III. Sur les demandes accessoires
Sur les frais de médiation (900 euros)
Mme [W] réclame le remboursement de la somme qu’elle a versée au médiateur dans le cadre de la médiation judiciaire ordonnée le 22 mars 2022 par le juge de la mise en état. Toutefois, elle ne développe dans ses écritures aucun moyen en droit ou en fait justifiant de faire droit à cette demande, étant observé que s’agissant d’un mode de règlement amiable des litiges, Mme [W] a été invitée à donner son accord pour y participer, conformément à l’article 131-1 du code de procédure civile.
Elle sera donc déboutée de sa demande de remboursement des frais versés au médiateur.
Sur les dépens
Aux termes de l’article 696 du code de procédure civile, la partie perdante est condamnée aux dépens, à moins que le juge, par décision motivée, n’en mette la totalité ou une fraction à la charge de l’autre partie. En l’espèce, la société Pacim, MMA Iard et MMA Iard assurances mutuelles, parties perdantes, seront condamnées in solidum aux dépens.
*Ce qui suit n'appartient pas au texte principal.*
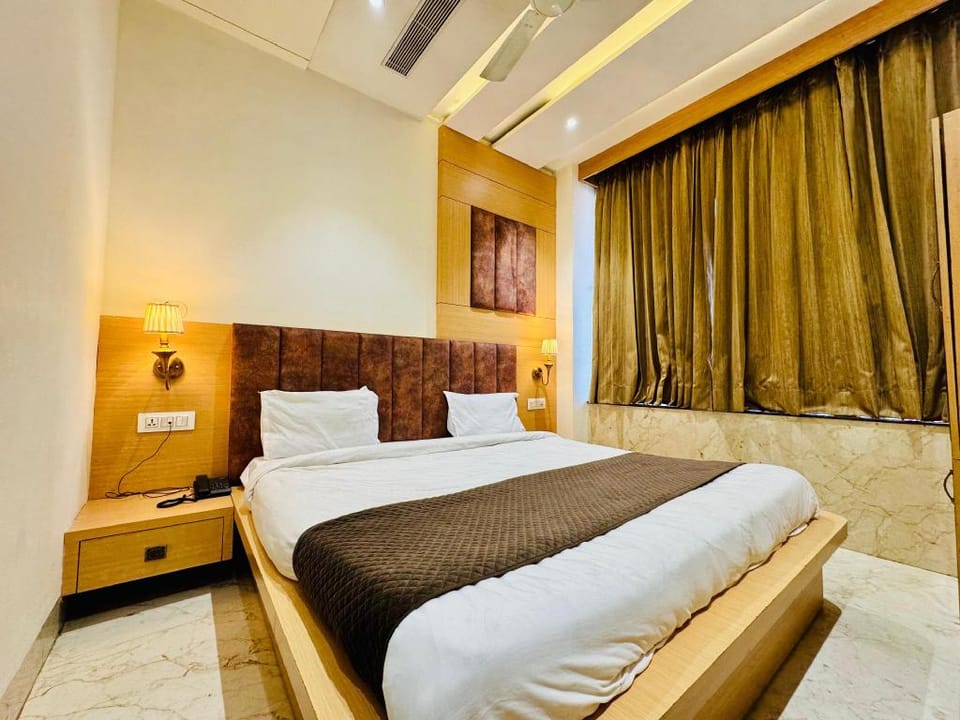 Hotel Sehdev Residency Near Golden Temple Hotel in Punjab, India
Sur les frais irrépétibles
Aux termes de l’article 700 du code de procédure civile, le juge condamne la partie tenue aux dépens ou qui perd son procès à payer à l’autre partie la somme qu’il détermine au titre des frais exposés et non compris dans les dépens. Le juge tient compte de l’équité ou de la situation économique de la partie condamnée. Il peut, même d’office, pour des raisons tirées des mêmes considérations, dire qu’il n’y a lieu à condamnation.
Mme [W] justifie avoir engagé la somme de 8.340 euros au titre des honoraires de son avocat pour l’assister et faire valoir ses droits dans la présente procédure. Au regard de la durée, de la complexité et des enjeux du litige, il convient de condamner les défenderesses, parties perdantes, à lui payer in solidum la somme de 8.340 euros conformément aux dispositions susvisées.
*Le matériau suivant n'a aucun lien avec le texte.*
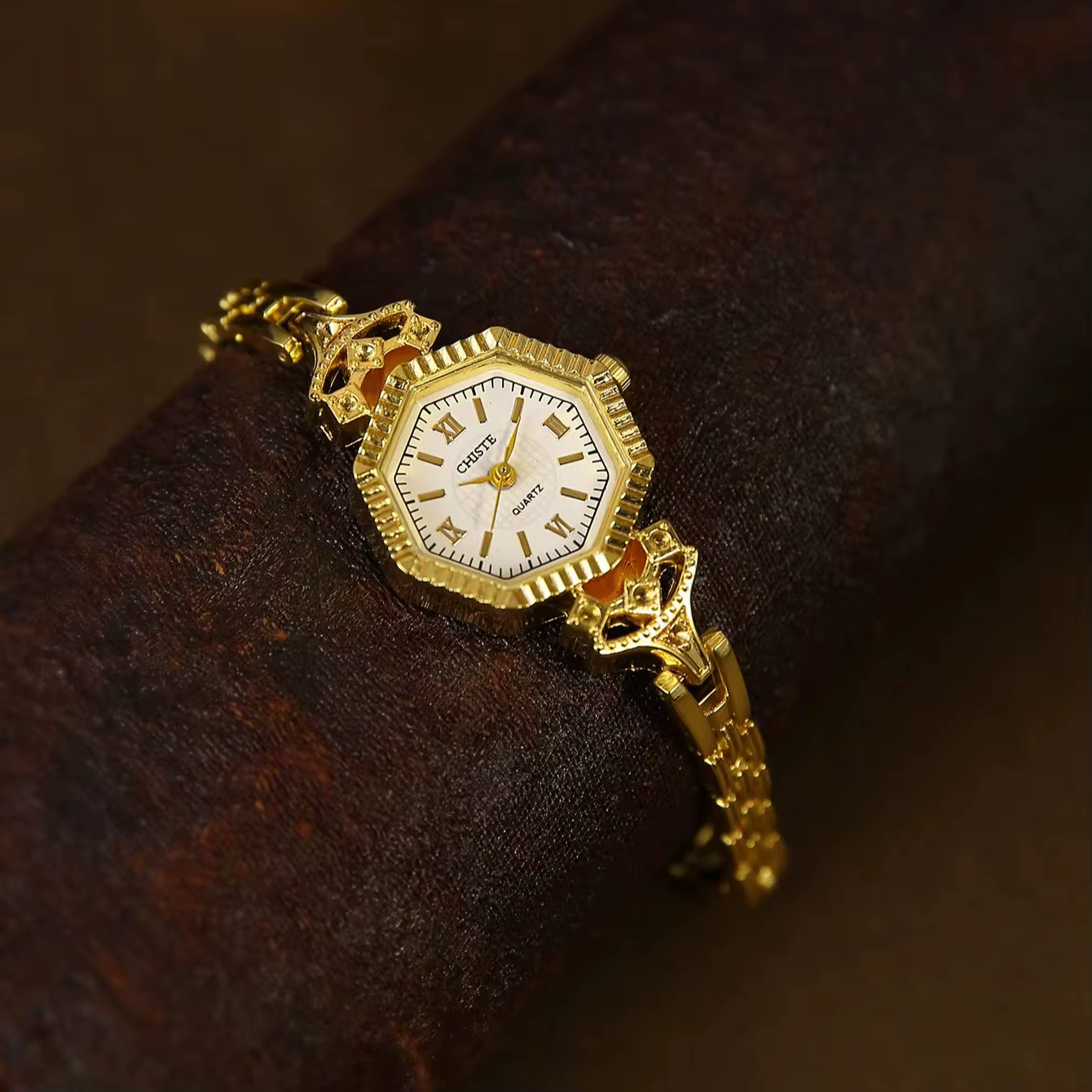 Petite montre vintage en or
Sur l’exécution provisoire
Aux termes de l’article 514 du code de procédure civile, issu du décret n° 2019-1333 du 11 décembre 2019, applicable aux instances engagées à compter du 1er janvier 2020, « les décisions de première instance sont de droit exécutoires à titre provisoire à moins que la loi ou la décision rendue n’en dispose autrement ». En l’espèce, rien ne justifie de l’écarter.
PAR CES MOTIFS
Le tribunal, statuant publiquement, par jugement contradictoire et en premier ressort, mis à disposition au greffe :
CONDAMNE in solidum la SARL [Localité 10] Azur Conseil Immobilier, la SA MMA Iard et la société d’assurances mutuelles à cotisations fixes MMA Iard assurances mutuelles à payer à Mme [N] [W] la somme de 30.328,11 euros au titre de son préjudice financier ;
CONDAMNE in solidum la SARL [Localité 10] Azur Conseil Immobilier, la SA MMA Iard et la société d’assurances mutuelles à cotisations fixes MMA Iard assurances mutuelles à payer à Mme [N] [W] la somme de 1.000 euros au titre de son préjudice moral ;
DEBOUTE Mme [N] [W] de sa demande tendant à voir condamner solidairement, à défaut in solidum, la SARL [Localité 10] Azur Conseil Immobilier, la SA MMA Iard et la société d’assurances mutuelles à cotisations fixes MMA Iard assurances mutuelles à lui payer la somme de 900 euros au titre des frais de médiation ;
CONDAMNE in solidum la SARL [Localité 10] Azur Conseil Immobilier, la SA MMA Iard et la société d’assurances mutuelles à cotisations fixes MMA Iard assurances mutuelles à payer à Mme [N] [W] la somme de 8.340 euros au titre de l’article 700 du code de procédure civile ;
CONDAMNE in solidum la SARL [Localité 10] Azur Conseil Immobilier, la SA MMA Iard et la société d’assurances mutuelles à cotisations fixes MMA Iard assurances mutuelles aux dépens ;
RAPPELLE que la présente décision est exécutoire de plein droit par provision ;
DEBOUTE les parties de leurs demandes plus amples ou contraires qui ont été reprises dans l’exposé du litige.
Fait et jugé à [Localité 10] le 01 Avril 2025.